Canadian Ambassador Extraordinary and Plenipotentiary to Lebanon
- In office 14 May 1990 – 9 August 1990
- Monarch: Elizabeth II
- Prime Minister: Brian Mulroney
- Preceded by: Haig Edouard Sarafian (As Chargé d'Affaires)
- Succeeded by: David Martin Collacott

10th Canadian Ambassador Extraordinary and Plenipotentiary to Syria
- In office 13 July 1987 – 9 August 1990
- Monarch: Elizabeth II
- Prime Minister: Brian Mulroney
- Preceded by: Jacques Noiseux
- Succeeded by: David Martin Collacott

8th Canadian Ambassador Extraordinary and Plenipotentiary to Jordan
- In office 7 August 1985 – 9 July 1987
- Monarch: Elizabeth II
- Prime Minister: Brian Mulroney
- Preceded by: Keith William MacLellan
- Succeeded by: Michael Dougall Bell

Canadian Ambassador Extraordinary and Plenipotentiary to Cuba
- In office 14 July 1977 – 21 June 1981
- Monarch: Elizabeth II
- Prime Minister: Pierre Trudeau; Joe Clark; Pierre Trudeau;
- Preceded by: James Edward Hyndman
- Succeeded by: James Karl Bartleman

Chargé d'Affaires at the Canadian Embassy in Egypt
- In office 29 December 1970 – 1 August 1971
- Monarch: Elizabeth II
- Preceded by: Thomas Lemesurier Carter (As Ambassador Extraordinary and Plenipotentiary)
- Succeeded by: David Stansfield (As Ambassador Extraordinary and Plenipotentiary)

Personal details
- Born: 14 April 1929 Winnipeg, Manitoba, Canada
- Died: 24 July 2012 (aged 83) Ottawa, Ontario, Canada
- Spouse: Margaret Siddall
- Children: 3
- Education: University of Manitoba
- Occupation: Diplomat

= Gary Richard Harman =

Canadian diplomat (1929–2012)

Gary Richard Harman (14 April 1929 – 24 July 2012) was a Canadian diplomat. Over a career in the Canadian Foreign Service, he represented Canada in various international postings, including ambassadorships to Cuba, Jordan, Syria, and Lebanon.

== Early life and education ==
Harman was born on 14 April 1929 in Winnipeg, Manitoba, to the owner of Harman's Drug Store, a community centre during the Great Depression.

He attended Gordon Bell High School, earning the Governor General's Medal upon graduation in 1947.

During his youth, he pursued music, obtaining an Associate of the Royal Schools of Music in 1946 and a Licentiate of the Royal Schools of Music in 1948.

Harman attended the University of Manitoba, where he earned a Bachelor of Arts (Honours) in History in 1950. His talent as a pianist led to recordings of works by Grieg, Debussy, Rachmaninoff, and Chopin between 1946 and 1962.

== Career ==
Harman began his professional career in the Department of Trade and Commerce before joining the United Nations International Intern Program in New York City in 1952. He married Margaret Siddall in 1954, and the couple started an international career in diplomacy.
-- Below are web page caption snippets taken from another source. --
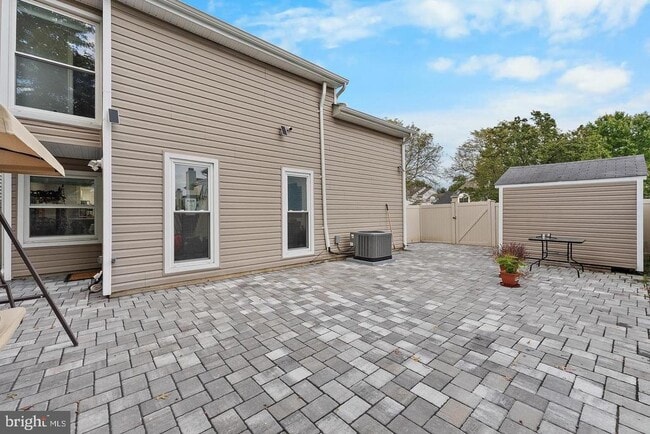 Building Photo - 17 Winchester Dr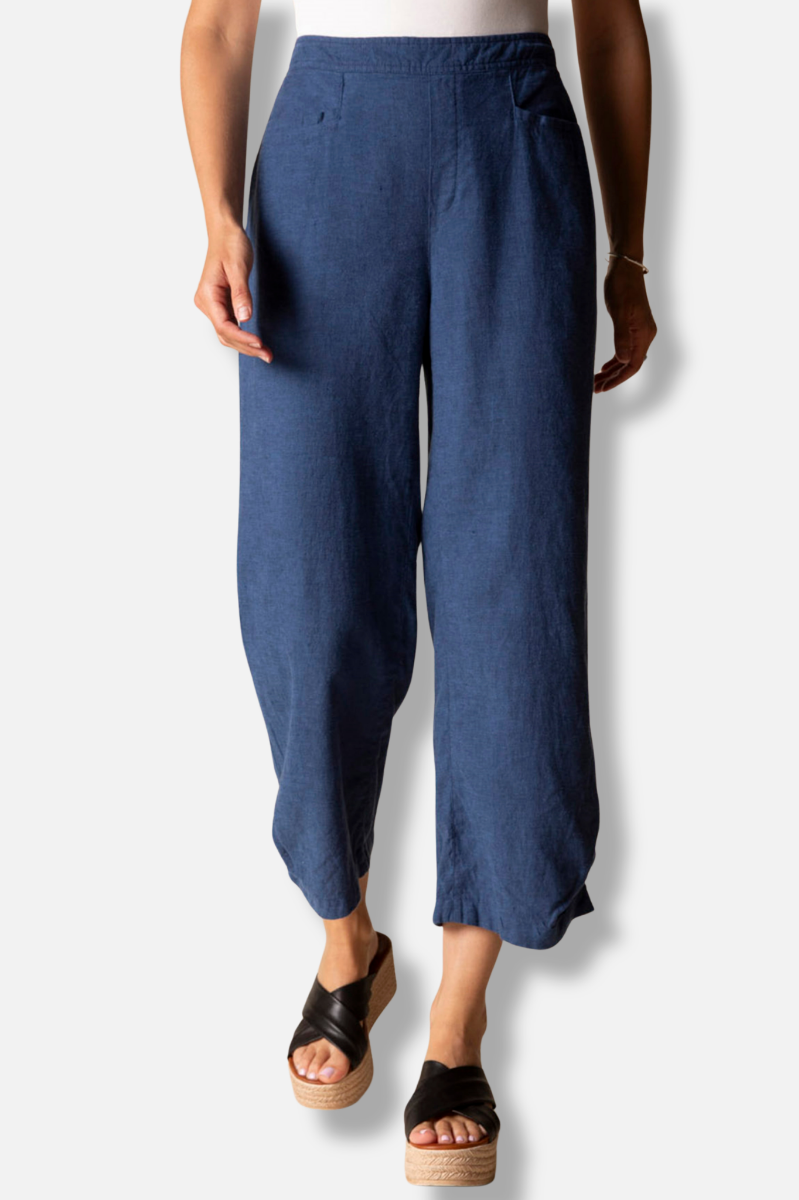 Pleat Button Capri - Navy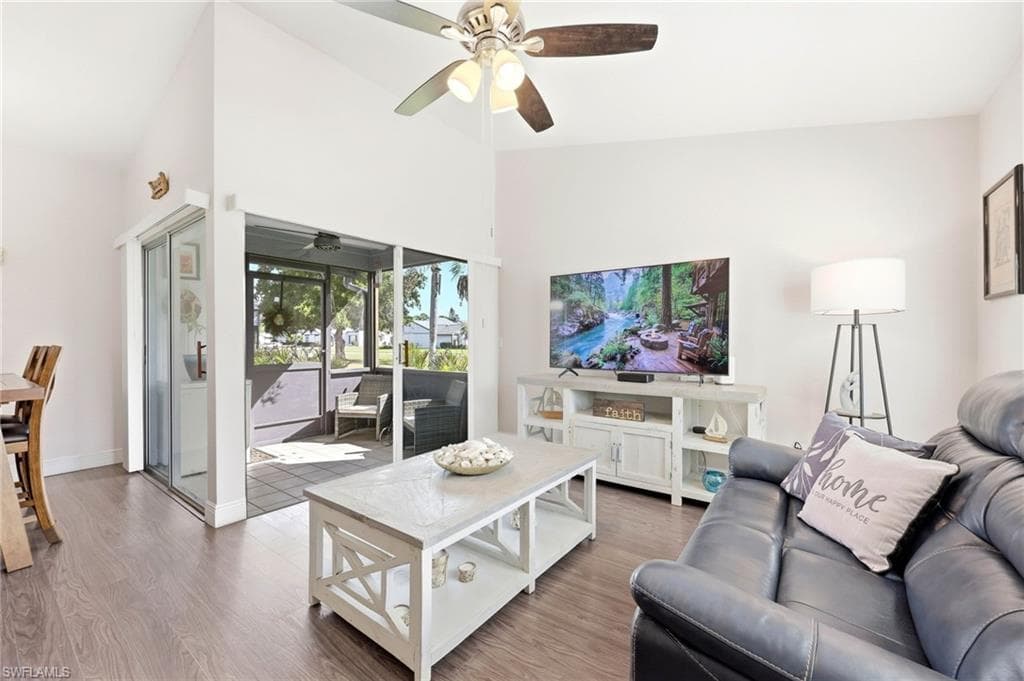 10548 Quincy CT-10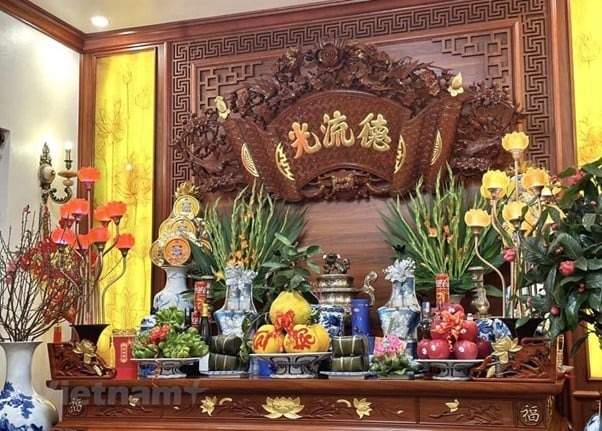 Nhà giàu đặt bình hoa bên trái bàn thờ, đây là 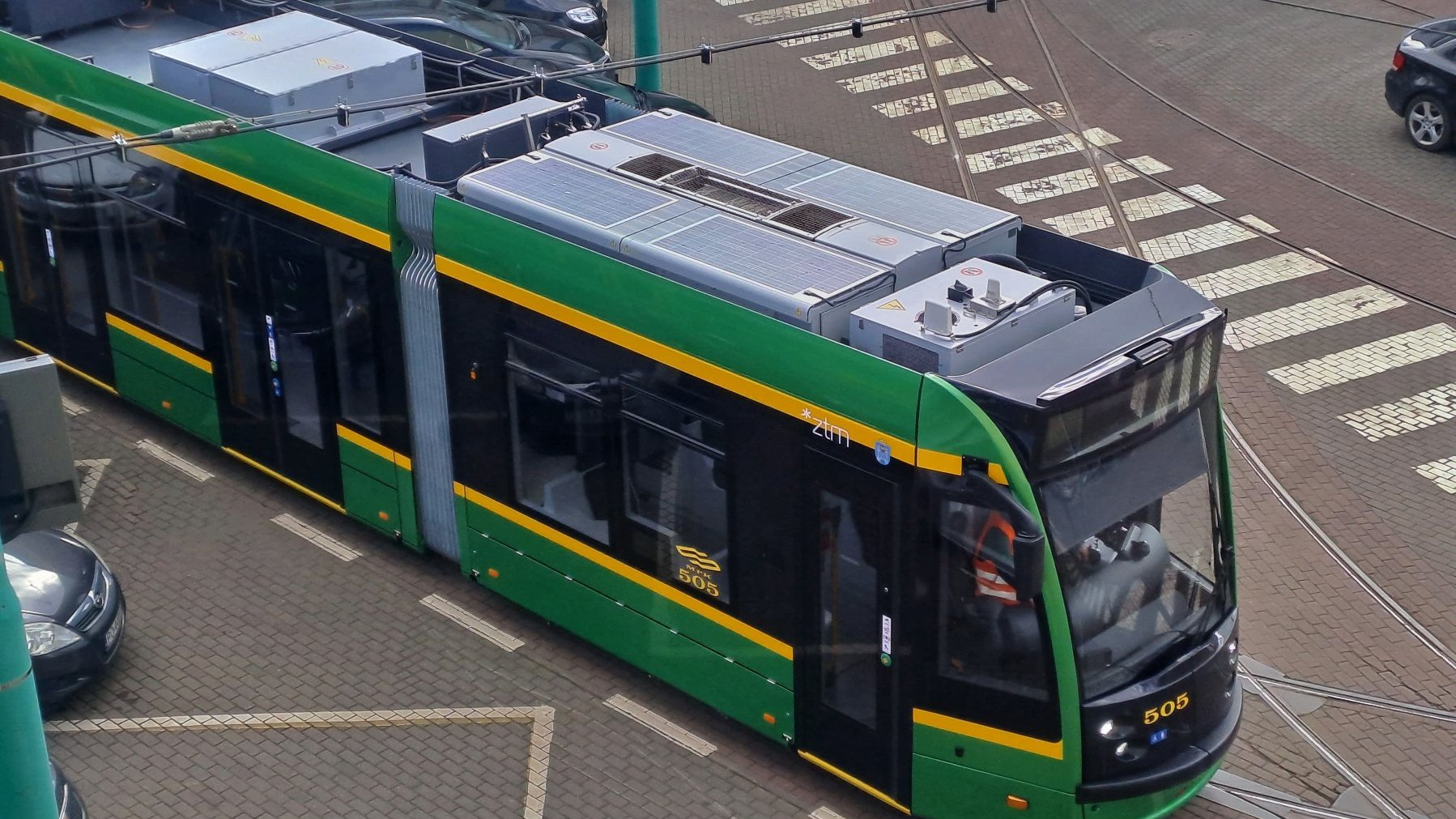 Galeria zdjęć tramwaju Siemens Combino z panelami fotowoltaiczne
From 1970 to 1971, Harman served as Chargé d'Affaires at the Canadian Embassy in Egypt. He later held the following positions:
- Ambassador to Cuba (1977–1981)
- Ambassador to Jordan (1985–1987)
- Ambassador to Syria (1987–1990)
- Ambassador to Lebanon (May–August 1990), concurrently accredited while resident in Syria.

Harman retired in 1993 and settled in Ottawa.

== Personal life ==
Harman was married to Margaret Siddall for 58 years. Together, they had three children: Lesley, Edward, and Katherine, as well as several grandchildren. Harman developed fluency in French, Russian, Polish, Czech, Arabic, Spanish, and German.

A lover of the arts, Harman supported opera, ballet, theatre, and orchestra. He was an active member of the United Church of Canada.

== Death ==
Gary Harman died of natural causes on 24 July 2012 in Ottawa at the age of 83. His funeral was held at MacKay United Church on 28 July 2012.